Different monoclonal antibodies have been used for the treatment of Netherton's syndrome (NS); secukinumab (anti-IL17A), infliximab (anti-TNF-α), ustekinumab (anti p40 subunit of IL-12 and IL-23), omalizumab (anti-IgE), and dupilumab (anti-IL4 and IL13). We report two sisters with severe NS who were treated with omalizumab in one and with secukinumab in the other. In view of the therapeutic failure, treatment with dupilumab was started in both sisters. The data were analyzed 16 weeks after starting treatment with dupilumab. Treatment response was assessed using the Severity Scoring Atopic Dermatitis (SCORAD); Eczema Area and Severity Index (EASI); Pruritus Numeric Rating Scale (NSR); Netherton Area Severity Assessment (NASA) and Dermatology Life Quality Index Ichthyosis. All scores were reduced after 16 weeks of treatment with dupilumab in both patients. She maintains improvement after 18 months and 12 months of treatment, respectively. No severe adverse events were reported. Treatment with dupilumab in two sisters with NS and atopic diseases produced a marked cutaneous improvement after a failed attempt with omalizumab and secukinumab. Further studies are needed to determine which biologic therapy is the most effective in NS.

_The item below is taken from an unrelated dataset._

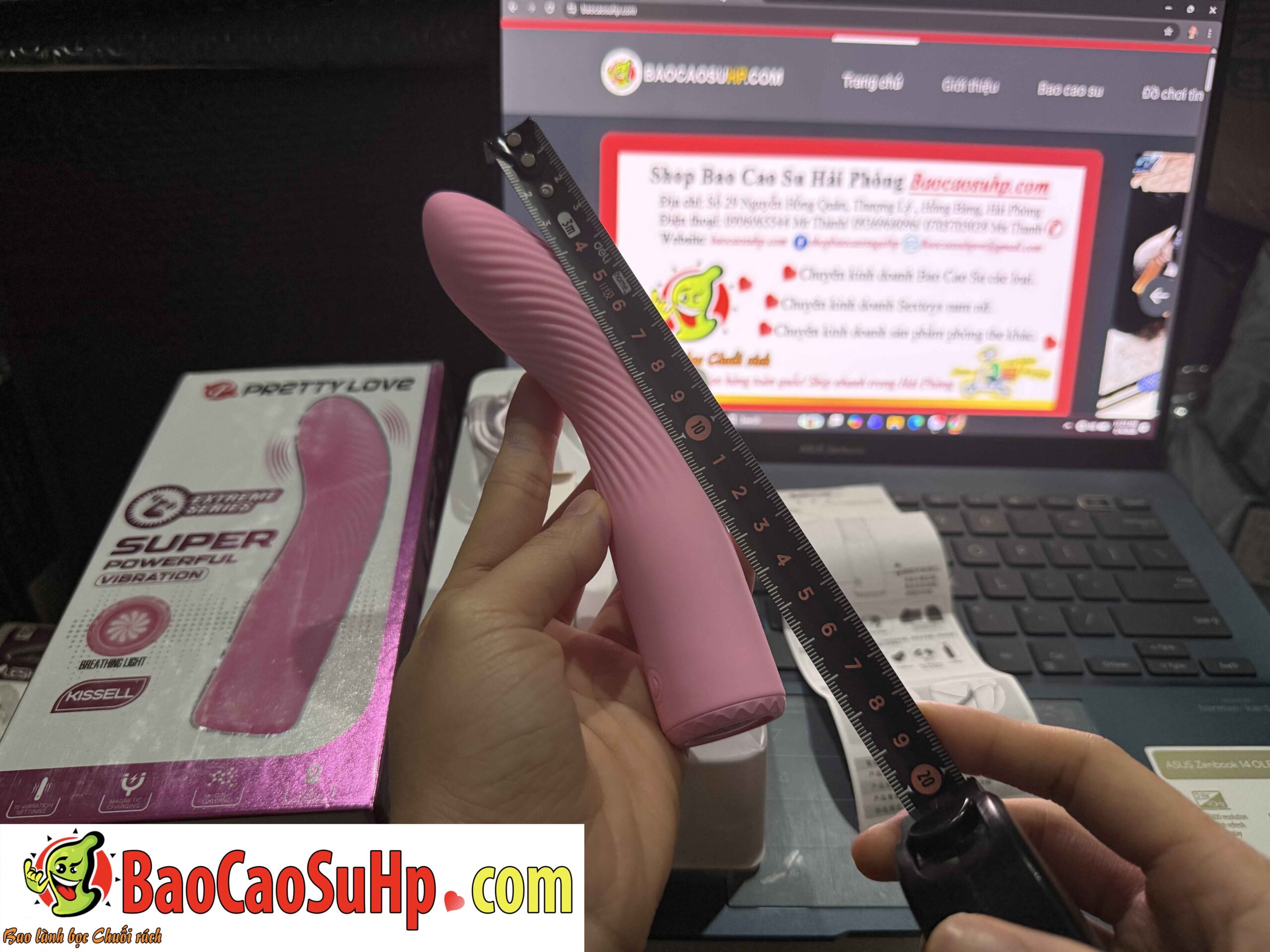Máy rung 2in1 Pilot Pittila BI-300113 chụp tại shop Shop - ảnh 3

不同的单克隆抗体已被用于治疗 Netherton 综合征(NS);司库奇尤单抗(抗 IL-17A)、英夫利昔单抗(抗 TNF-α)、乌司奴单抗(抗 p40 亚单位的 IL-12 和 IL-23)、奥马珠单抗(抗 IgE)和度普利尤单抗(抗 IL-4 和 IL-13)。我们报告了 2 例严重 NS 姐妹,其中 1 例接受奥马珠单抗治疗,另 1 例接受司库奇尤单抗治疗。鉴于治疗失败,开始在两姐妹中使用度普利尤单抗治疗。在开始使用度普利尤单抗治疗 16 周后分析了数据。使用特应性皮炎严重程度评分(SCORAD)、湿疹面积和严重程度指数(EASI)、瘙痒数字评分量表(NSR)、Netherton 区域严重程度评估(NASA)和皮肤病生活质量指数鱼鳞病来评估治疗反应。两名患者在接受度普利尤单抗治疗 16 周后,所有评分均降低。她们分别在治疗 18 个月和 12 个月后仍保持改善。未报告严重不良事件。在奥马珠单抗和司库奇尤单抗治疗失败后,两例 NS 和特应性疾病的姐妹接受度普利尤单抗治疗后,皮肤明显改善。需要进一步研究以确定哪种生物疗法对 NS 最有效。